If you keep a sharp lookout you might catch the Google Street View team driving around a campus near you. This past Wednesday I caught up with the Street View car and the specially modified Google Trike on the campus of Kapiolani Community College.
A couple of years ago, the team was here mapping the main streets on Oahu with the Street View car. With the use of the Trike, the main focus is the pathways of the University of Hawaii campuses. From what I could see the image capture equipment looked similar to the system on the car. The system is mounted on a fairly large tricycle. The camera system is powered by a gasoline powered generator but the trike is purely people powered.

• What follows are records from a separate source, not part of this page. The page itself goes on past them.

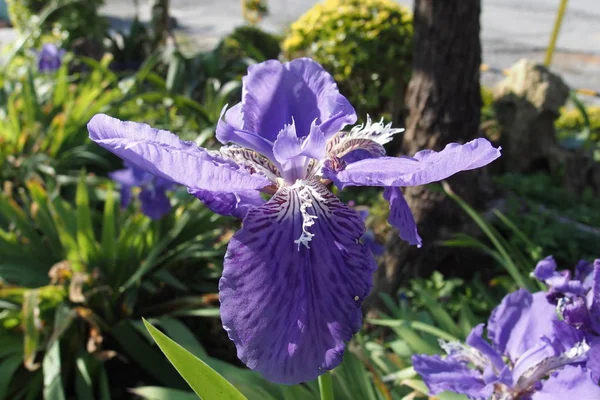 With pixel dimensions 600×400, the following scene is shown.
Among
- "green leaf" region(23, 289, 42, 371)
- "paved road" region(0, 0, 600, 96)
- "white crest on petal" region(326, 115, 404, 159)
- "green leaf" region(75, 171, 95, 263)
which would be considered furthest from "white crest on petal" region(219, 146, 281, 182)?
"paved road" region(0, 0, 600, 96)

In an email response to a question I posed about availability of maps, Google’s public affairs office told me that:
Our Street View trikes have special cameras that take photographs as thee operator pedals along. Once the photographs have been taken, they go through computer processing to make them ready for use on Google Maps. This includes stitching the photographs into 360-degree panoramic images and cutting-edge face blurring technology, which helps make sure that passers-by in the photographs can’t be identified and blurs legible license plates.

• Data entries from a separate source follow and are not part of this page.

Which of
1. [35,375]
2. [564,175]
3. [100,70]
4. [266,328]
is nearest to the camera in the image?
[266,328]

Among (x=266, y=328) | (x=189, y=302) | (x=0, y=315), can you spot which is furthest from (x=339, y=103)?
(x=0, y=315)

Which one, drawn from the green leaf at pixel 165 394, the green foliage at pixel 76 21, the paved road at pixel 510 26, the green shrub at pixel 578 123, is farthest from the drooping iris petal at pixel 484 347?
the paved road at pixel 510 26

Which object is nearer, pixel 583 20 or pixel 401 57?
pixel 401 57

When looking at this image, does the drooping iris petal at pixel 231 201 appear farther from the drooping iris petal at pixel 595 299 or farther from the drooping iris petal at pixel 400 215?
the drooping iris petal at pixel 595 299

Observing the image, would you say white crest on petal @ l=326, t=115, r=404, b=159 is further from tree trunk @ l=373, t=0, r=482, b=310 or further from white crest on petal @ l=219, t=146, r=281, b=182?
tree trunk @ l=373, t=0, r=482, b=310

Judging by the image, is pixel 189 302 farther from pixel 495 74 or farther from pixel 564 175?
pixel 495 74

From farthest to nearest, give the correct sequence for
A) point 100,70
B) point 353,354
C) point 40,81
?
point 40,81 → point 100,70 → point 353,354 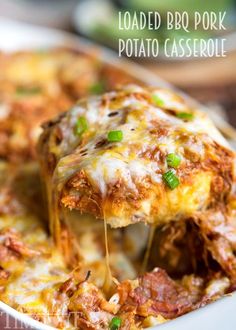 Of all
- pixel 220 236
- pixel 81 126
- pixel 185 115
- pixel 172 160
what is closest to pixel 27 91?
pixel 81 126

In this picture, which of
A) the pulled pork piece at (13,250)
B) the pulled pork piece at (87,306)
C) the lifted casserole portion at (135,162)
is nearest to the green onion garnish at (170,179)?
the lifted casserole portion at (135,162)

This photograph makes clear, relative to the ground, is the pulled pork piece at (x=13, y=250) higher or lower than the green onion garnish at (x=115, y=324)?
higher

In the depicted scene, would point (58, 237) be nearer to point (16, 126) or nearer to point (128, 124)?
point (128, 124)

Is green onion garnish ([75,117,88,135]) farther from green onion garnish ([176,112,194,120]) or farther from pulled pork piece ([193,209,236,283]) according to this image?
pulled pork piece ([193,209,236,283])

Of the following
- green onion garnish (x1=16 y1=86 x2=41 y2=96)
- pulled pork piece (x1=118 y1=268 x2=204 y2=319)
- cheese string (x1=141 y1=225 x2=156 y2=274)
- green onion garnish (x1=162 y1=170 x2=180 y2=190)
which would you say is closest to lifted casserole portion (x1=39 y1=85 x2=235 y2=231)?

Once we’ve collected and processed the imagery for an area, we add it to Google Maps. It goes without saying, therefore, that the imagery isn’t real-time, and usually takes several months from when the photographs are taken until the panoramics appear on Google Maps.
The Street View team is mapping all the community colleges as well as the University of Hawaii’s Manoa campus. The Google car and trike then head off to the neighbor islands to map out the UH campuses there.

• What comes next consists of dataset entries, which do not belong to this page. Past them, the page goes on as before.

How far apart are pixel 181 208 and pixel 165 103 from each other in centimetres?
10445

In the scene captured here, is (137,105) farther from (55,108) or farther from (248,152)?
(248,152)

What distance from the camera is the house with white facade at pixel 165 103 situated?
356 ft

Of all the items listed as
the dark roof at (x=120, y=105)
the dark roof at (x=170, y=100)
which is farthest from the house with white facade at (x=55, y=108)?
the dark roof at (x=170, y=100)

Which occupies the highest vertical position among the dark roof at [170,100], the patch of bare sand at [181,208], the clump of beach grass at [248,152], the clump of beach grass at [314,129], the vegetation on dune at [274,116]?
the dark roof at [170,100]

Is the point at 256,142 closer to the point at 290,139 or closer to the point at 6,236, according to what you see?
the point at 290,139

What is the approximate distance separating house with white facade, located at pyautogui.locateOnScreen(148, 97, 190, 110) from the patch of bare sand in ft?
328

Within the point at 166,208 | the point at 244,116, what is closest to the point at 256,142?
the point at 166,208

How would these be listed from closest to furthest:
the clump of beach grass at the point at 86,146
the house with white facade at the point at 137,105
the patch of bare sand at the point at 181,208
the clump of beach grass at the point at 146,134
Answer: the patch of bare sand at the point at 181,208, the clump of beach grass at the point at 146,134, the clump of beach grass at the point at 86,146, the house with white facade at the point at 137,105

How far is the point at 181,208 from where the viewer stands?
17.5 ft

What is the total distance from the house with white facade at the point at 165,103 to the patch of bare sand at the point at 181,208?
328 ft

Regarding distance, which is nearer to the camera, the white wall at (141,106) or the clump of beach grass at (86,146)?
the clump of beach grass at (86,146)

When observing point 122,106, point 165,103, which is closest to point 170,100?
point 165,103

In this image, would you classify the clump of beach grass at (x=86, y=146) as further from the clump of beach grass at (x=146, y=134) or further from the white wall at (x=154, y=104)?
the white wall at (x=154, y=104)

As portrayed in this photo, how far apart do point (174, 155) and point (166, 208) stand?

As I started to leave a crowd began to form around the Google Trike to snap some photos. It is an interesting time for Google. Their popularity is undeniable but places like Germany and Japan are reacting vocally against their lost of privacy resulting from the Street View images. Yesterday a Federal judge said Google could be held liable for ‘wiretapping” for collecting wifi data on Street View runs. And on top of all this is the Federal Trade Commissions investigation of Google for antitrust business practices.
Someone once told me, “you know you’re successful when everyone wants to sue you. Just take a number and stand in line.”